> **Problem requirements**:
The whole of the data must be transcribed exactly.

> **Data**:
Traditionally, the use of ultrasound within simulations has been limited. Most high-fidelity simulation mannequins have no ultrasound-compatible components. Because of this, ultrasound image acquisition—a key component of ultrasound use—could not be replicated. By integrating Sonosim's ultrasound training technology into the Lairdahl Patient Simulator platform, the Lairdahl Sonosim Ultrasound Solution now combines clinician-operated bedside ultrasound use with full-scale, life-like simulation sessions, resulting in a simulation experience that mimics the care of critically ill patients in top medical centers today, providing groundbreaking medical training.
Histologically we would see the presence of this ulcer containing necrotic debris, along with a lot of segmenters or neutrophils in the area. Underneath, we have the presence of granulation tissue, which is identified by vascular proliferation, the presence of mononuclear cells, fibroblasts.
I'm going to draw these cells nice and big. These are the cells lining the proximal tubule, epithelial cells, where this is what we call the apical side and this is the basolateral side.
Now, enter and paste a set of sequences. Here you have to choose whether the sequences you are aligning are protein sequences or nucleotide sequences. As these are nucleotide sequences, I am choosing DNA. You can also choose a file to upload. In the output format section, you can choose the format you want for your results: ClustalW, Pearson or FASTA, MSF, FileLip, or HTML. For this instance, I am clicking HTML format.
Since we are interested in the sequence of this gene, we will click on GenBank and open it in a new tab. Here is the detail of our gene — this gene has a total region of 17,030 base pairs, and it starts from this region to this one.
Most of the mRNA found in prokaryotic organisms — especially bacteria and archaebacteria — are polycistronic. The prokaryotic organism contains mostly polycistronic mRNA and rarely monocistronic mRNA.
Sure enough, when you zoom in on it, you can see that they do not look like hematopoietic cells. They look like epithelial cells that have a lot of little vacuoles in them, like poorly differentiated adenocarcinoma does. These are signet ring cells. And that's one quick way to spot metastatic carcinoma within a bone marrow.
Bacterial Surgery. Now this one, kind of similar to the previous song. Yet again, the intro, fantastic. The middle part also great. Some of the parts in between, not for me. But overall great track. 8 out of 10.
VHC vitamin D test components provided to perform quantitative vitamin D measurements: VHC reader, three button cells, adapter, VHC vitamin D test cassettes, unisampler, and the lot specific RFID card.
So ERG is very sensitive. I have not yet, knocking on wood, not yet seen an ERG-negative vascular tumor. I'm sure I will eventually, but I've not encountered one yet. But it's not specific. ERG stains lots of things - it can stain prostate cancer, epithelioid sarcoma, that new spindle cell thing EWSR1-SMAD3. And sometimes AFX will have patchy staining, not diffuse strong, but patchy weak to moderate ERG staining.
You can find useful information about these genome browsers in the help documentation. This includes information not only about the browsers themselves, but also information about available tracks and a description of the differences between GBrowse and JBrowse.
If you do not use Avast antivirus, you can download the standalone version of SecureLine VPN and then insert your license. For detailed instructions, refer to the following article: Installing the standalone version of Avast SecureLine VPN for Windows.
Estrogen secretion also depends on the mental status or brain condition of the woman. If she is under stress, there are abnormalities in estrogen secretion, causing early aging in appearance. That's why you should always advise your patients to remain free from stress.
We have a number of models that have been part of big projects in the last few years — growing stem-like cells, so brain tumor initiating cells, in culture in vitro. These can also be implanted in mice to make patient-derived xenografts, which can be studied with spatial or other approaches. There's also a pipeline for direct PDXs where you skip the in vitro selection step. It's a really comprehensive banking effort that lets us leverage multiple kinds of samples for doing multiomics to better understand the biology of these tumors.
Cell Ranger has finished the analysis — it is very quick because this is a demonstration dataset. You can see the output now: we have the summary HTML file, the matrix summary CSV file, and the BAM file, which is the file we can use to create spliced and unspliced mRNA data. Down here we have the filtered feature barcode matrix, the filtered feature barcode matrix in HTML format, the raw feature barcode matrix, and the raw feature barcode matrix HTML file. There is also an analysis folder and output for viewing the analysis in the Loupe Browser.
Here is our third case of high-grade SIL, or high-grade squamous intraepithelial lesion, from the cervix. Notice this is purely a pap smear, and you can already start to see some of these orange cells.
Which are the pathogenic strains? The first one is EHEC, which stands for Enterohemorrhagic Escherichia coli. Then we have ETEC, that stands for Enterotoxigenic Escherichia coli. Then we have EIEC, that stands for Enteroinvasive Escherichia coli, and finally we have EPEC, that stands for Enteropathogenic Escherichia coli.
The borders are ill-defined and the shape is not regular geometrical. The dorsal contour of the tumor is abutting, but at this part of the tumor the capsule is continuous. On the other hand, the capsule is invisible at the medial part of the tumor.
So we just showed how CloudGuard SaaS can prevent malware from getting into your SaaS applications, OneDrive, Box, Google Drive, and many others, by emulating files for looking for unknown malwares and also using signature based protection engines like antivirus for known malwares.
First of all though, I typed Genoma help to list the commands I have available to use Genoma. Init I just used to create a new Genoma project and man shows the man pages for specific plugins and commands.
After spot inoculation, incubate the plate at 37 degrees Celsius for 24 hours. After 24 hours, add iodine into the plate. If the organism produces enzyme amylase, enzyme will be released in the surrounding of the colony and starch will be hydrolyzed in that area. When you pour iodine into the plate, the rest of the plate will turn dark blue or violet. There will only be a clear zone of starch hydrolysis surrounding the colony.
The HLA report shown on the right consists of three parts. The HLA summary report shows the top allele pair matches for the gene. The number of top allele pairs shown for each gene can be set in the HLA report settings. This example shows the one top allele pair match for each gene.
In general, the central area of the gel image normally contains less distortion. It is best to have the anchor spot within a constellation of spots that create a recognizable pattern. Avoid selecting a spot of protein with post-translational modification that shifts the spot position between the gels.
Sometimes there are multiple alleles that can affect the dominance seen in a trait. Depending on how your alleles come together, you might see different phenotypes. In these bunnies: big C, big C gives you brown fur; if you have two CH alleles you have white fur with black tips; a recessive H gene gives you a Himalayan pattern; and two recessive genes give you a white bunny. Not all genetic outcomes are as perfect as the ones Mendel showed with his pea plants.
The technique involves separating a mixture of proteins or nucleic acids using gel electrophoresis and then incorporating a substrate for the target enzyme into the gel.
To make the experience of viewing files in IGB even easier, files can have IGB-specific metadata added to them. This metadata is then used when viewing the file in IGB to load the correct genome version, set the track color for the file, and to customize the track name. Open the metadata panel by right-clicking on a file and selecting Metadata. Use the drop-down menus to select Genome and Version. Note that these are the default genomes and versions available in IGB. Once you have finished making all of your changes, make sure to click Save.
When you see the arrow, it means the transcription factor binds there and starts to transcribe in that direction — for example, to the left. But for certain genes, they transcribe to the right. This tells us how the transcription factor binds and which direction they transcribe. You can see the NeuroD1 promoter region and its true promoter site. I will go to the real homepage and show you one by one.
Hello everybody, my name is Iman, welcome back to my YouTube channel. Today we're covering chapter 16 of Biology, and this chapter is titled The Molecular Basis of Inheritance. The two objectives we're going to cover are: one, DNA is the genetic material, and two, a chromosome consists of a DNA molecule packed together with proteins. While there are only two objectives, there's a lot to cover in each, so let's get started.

> **Response to the exercise**:
Traditionally, the use of ultrasound within simulations has been limited. Most high-fidelity simulation mannequins have no ultrasound-compatible components. Because of this, ultrasound image acquisition—a key component of ultrasound use—could not be replicated. By integrating Sonosim's ultrasound training technology into the Lairdahl Patient Simulator platform, the Lairdahl Sonosim Ultrasound Solution now combines clinician-operated bedside ultrasound use with full-scale, life-like simulation sessions, resulting in a simulation experience that mimics the care of critically ill patients in top medical centers today, providing groundbreaking medical training.
Histologically we would see the presence of this ulcer containing necrotic debris, along with a lot of segmenters or neutrophils in the area. Underneath, we have the presence of granulation tissue, which is identified by vascular proliferation, the presence of mononuclear cells, fibroblasts.
I'm going to draw these cells nice and big. These are the cells lining the proximal tubule, epithelial cells, where this is what we call the apical side and this is the basolateral side.
Now, enter and paste a set of sequences. Here you have to choose whether the sequences you are aligning are protein sequences or nucleotide sequences. As these are nucleotide sequences, I am choosing DNA. You can also choose a file to upload. In the output format section, you can choose the format you want for your results: ClustalW, Pearson or FASTA, MSF, FileLip, or HTML. For this instance, I am clicking HTML format.
Since we are interested in the sequence of this gene, we will click on GenBank and open it in a new tab. Here is the detail of our gene — this gene has a total region of 17,030 base pairs, and it starts from this region to this one.
Most of the mRNA found in prokaryotic organisms — especially bacteria and archaebacteria — are polycistronic. The prokaryotic organism contains mostly polycistronic mRNA and rarely monocistronic mRNA.
Sure enough, when you zoom in on it, you can see that they do not look like hematopoietic cells. They look like epithelial cells that have a lot of little vacuoles in them, like poorly differentiated adenocarcinoma does. These are signet ring cells. And that's one quick way to spot metastatic carcinoma within a bone marrow.
Bacterial Surgery. Now this one, kind of similar to the previous song. Yet again, the intro, fantastic. The middle part also great. Some of the parts in between, not for me. But overall great track. 8 out of 10.
VHC vitamin D test components provided to perform quantitative vitamin D measurements: VHC reader, three button cells, adapter, VHC vitamin D test cassettes, unisampler, and the lot specific RFID card.
So ERG is very sensitive. I have not yet, knocking on wood, not yet seen an ERG-negative vascular tumor. I'm sure I will eventually, but I've not encountered one yet. But it's not specific. ERG stains lots of things - it can stain prostate cancer, epithelioid sarcoma, that new spindle cell thing EWSR1-SMAD3. And sometimes AFX will have patchy staining, not diffuse strong, but patchy weak to moderate ERG staining.
You can find useful information about these genome browsers in the help documentation. This includes information not only about the browsers themselves, but also information about available tracks and a description of the differences between GBrowse and JBrowse.
If you do not use Avast antivirus, you can download the standalone version of SecureLine VPN and then insert your license. For detailed instructions, refer to the following article: Installing the standalone version of Avast SecureLine VPN for Windows.
Estrogen secretion also depends on the mental status or brain condition of the woman. If she is under stress, there are abnormalities in estrogen secretion, causing early aging in appearance. That's why you should always advise your patients to remain free from stress.
We have a number of models that have been part of big projects in the last few years — growing stem-like cells, so brain tumor initiating cells, in culture in vitro. These can also be implanted in mice to make patient-derived xenografts, which can be studied with spatial or other approaches. There's also a pipeline for direct PDXs where you skip the in vitro selection step. It's a really comprehensive banking effort that lets us leverage multiple kinds of samples for doing multiomics to better understand the biology of these tumors.
Cell Ranger has finished the analysis — it is very quick because this is a demonstration dataset. You can see the output now: we have the summary HTML file, the matrix summary CSV file, and the BAM file, which is the file we can use to create spliced and unspliced mRNA data. Down here we have the filtered feature barcode matrix, the filtered feature barcode matrix in HTML format, the raw feature barcode matrix, and the raw feature barcode matrix HTML file. There is also an analysis folder and output for viewing the analysis in the Loupe Browser.
Here is our third case of high-grade SIL, or high-grade squamous intraepithelial lesion, from the cervix. Notice this is purely a pap smear, and you can already start to see some of these orange cells.
Which are the pathogenic strains? The first one is EHEC, which stands for Enterohemorrhagic Escherichia coli. Then we have ETEC, that stands for Enterotoxigenic Escherichia coli. Then we have EIEC, that stands for Enteroinvasive Escherichia coli, and finally we have EPEC, that stands for Enteropathogenic Escherichia coli.
The borders are ill-defined and the shape is not regular geometrical. The dorsal contour of the tumor is abutting, but at this part of the tumor the capsule is continuous. On the other hand, the capsule is invisible at the medial part of the tumor.
So we just showed how CloudGuard SaaS can prevent malware from getting into your SaaS applications, OneDrive, Box, Google Drive, and many others, by emulating files for looking for unknown malwares and also using signature based protection engines like antivirus for known malwares.
First of all though, I typed Genoma help to list the commands I have available to use Genoma. Init I just used to create a new Genoma project and man shows the man pages for specific plugins and commands.
After spot inoculation, incubate the plate at 37 degrees Celsius for 24 hours. After 24 hours, add iodine into the plate. If the organism produces enzyme amylase, enzyme will be released in the surrounding of the colony and starch will be hydrolyzed in that area. When you pour iodine into the plate, the rest of the plate will turn dark blue or violet. There will only be a clear zone of starch hydrolysis surrounding the colony.
The HLA report shown on the right consists of three parts. The HLA summary report shows the top allele pair matches for the gene. The number of top allele pairs shown for each gene can be set in the HLA report settings. This example shows the one top allele pair match for each gene.
In general, the central area of the gel image normally contains less distortion. It is best to have the anchor spot within a constellation of spots that create a recognizable pattern. Avoid selecting a spot of protein with post-translational modification that shifts the spot position between the gels.
Sometimes there are multiple alleles that can affect the dominance seen in a trait. Depending on how your alleles come together, you might see different phenotypes. In these bunnies: big C, big C gives you brown fur; if you have two CH alleles you have white fur with black tips; a recessive H gene gives you a Himalayan pattern; and two recessive genes give you a white bunny. Not all genetic outcomes are as perfect as the ones Mendel showed with his pea plants.
The technique involves separating a mixture of proteins or nucleic acids using gel electrophoresis and then incorporating a substrate for the target enzyme into the gel.
To make the experience of viewing files in IGB even easier, files can have IGB-specific metadata added to them. This metadata is then used when viewing the file in IGB to load the correct genome version, set the track color for the file, and to customize the track name. Open the metadata panel by right-clicking on a file and selecting Metadata. Use the drop-down menus to select Genome and Version. Note that these are the default genomes and versions available in IGB. Once you have finished making all of your changes, make sure to click Save.
When you see the arrow, it means the transcription factor binds there and starts to transcribe in that direction — for example, to the left. But for certain genes, they transcribe to the right. This tells us how the transcription factor binds and which direction they transcribe. You can see the NeuroD1 promoter region and its true promoter site. I will go to the real homepage and show you one by one.
Hello everybody, my name is Iman, welcome back to my YouTube channel. Today we're covering chapter 16 of Biology, and this chapter is titled The Molecular Basis of Inheritance. The two objectives we're going to cover are: one, DNA is the genetic material, and two, a chromosome consists of a DNA molecule packed together with proteins. While there are only two objectives, there's a lot to cover in each, so let's get started.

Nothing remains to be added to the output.